Penulis yakin bahwa mudah saja sebenarnya untuk Haji Agus Salim jika ia ingin hidup bermegah-megahan. Tetapi hebatnya Haji Agus Salim adalah ia tidak memilih jalan yang demikian. Ia memilih sebagai pemimpin rakyat yang namanya harum dan abadi. Ia memilih untuk menjadi pemimpin rakyat bukan hanya untuk rakyat pada zamannya, tetapi ia memilih untuk menjadi pemimpin rakyat selama negara Indonesia ini berdiri.
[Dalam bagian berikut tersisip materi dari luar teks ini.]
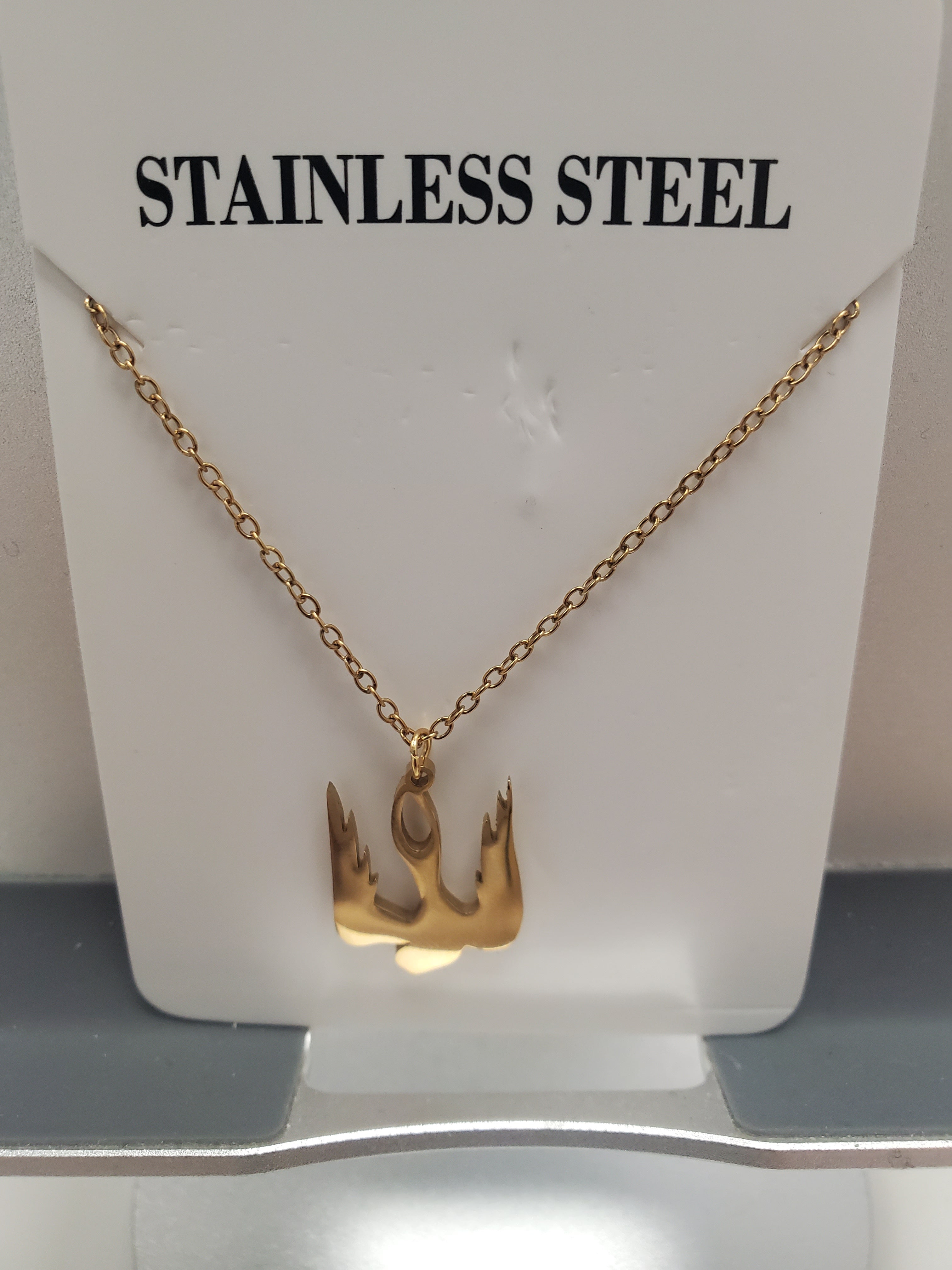 Pendant Swallow Trident with a chain (gold/silver)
Seandainya penulis bisa berbicara melalui lorong waktu kepada Haji Agus Salim. Penulis akan mengucapkan terima kasih kepada beliau atas pilihannya untuk hidup sederhana sehingga jikapun ada anak bangsa yang memilih jalan hidupnya seperti Haji Agus Salim, tentulah ia tidak akan merasakan hal yang lebih ringan jika dibandingkan dengan cara hidup Haji Agus Salim.
 Di penghujung tulisan ini sempat terpikir oleh penulis bahwa seandainya para pemimpin kita hari ini mulai dari tingkat atas hingga tingkat bawah semuanya memilih hidup seperti Haji Agus Salim, bahwa memimpin berarti menderita maka cita-cita reformasi ini akan segera tercapai. Tapi pertanyaannya apakah ada pemimpin kita hari ini yang mau benar-benar menderita untuk rakyatnya dan tidak mencari keistimewaan di dalam jabatannya?